For You Alone is a 1945 British World War II romance melodrama, one of only two films directed by cinematographer Geoffrey Faithfull, starring Lesley Brook, Dinah Sheridan and Jimmy Hanley. It was written by Kathleen Butler and Montgomery Tully.

== Preservation status ==
The film was included on the BFI's "75 Most Wanted" list of missing British feature films. On 31 July 2019, a 16mm safety print was uncovered by Ray Langstoneat the UCLA Film and Television Archive using their online searchable database, being held as part of the Mel Torme Collection.

==Plot==
John Bradshaw, a young naval officer, attends a lunchtime concert at Westminster Central Hall where he meets Reverend Peter Britton and his daughter Katherine. After the concert the three share a taxi, and after seeing her father off on the train to a conference Katherine agrees to have tea with John. They enjoy each other's company and later go to see a film, followed by dinner and a stroll along the Thames Embankment. John impulsively tells Katherine that he has fallen in love with her, but she reminds him that they hardly know one another, and since her brother's death in the Far East she has to devote herself to her father.

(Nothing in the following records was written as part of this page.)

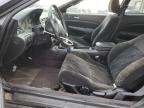 2000 Honda Prelude Sh на продаже в Wayland, MI - All Over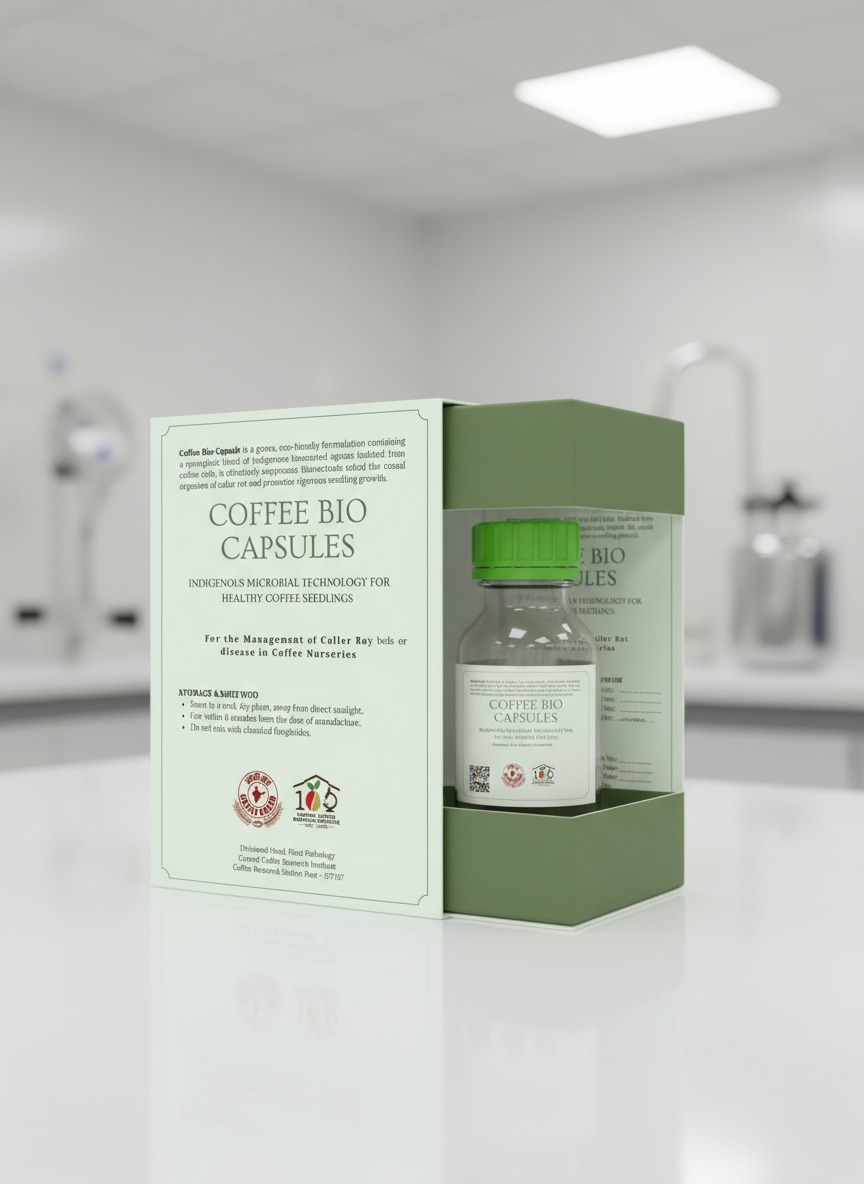 Microbial Consortium Image 3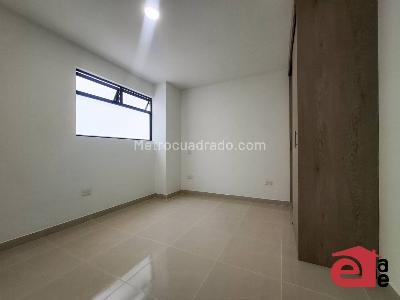Apartamento en venta en Germania, Itagüí · foto 5 de 12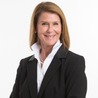Martha Bohlin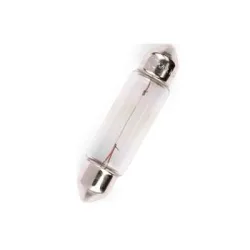 Navette - 12v 5w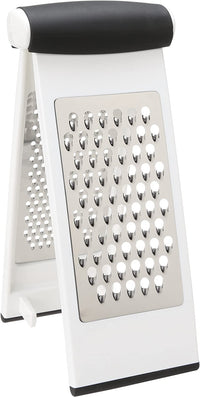 OXO - Good Grips Multi Grater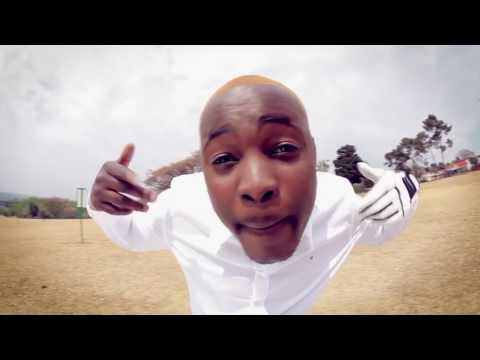 2fresh kuze kuse mp3 2fresh kuze kuse mp3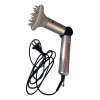 Фен-стайлер для сушіння та завивки волосся GHD-290SH Grunhelm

The couple finally part, agreeing to meet again the following day. However Katherine receives a telegram at her hotel, stating that her brother Dennis has turned up alive and will be arriving home the next day. She returns home early the next morning, leaving a note of explanation for John. Unfortunately John forgets the name of Katherine's hotel, so does not receive the note and is distraught when she fails to turn up for their rendezvous. Meanwhile, back at home, Katherine finds that Dennis is accompanied by Max Borrow, an old admirer who still wants to marry her. He has sustained serious eye injuries while saving Dennis' life, and Katherine as a result feels she must accept him. Dennis himself immediately rekindles his courtship with local schoolteacher Stella White.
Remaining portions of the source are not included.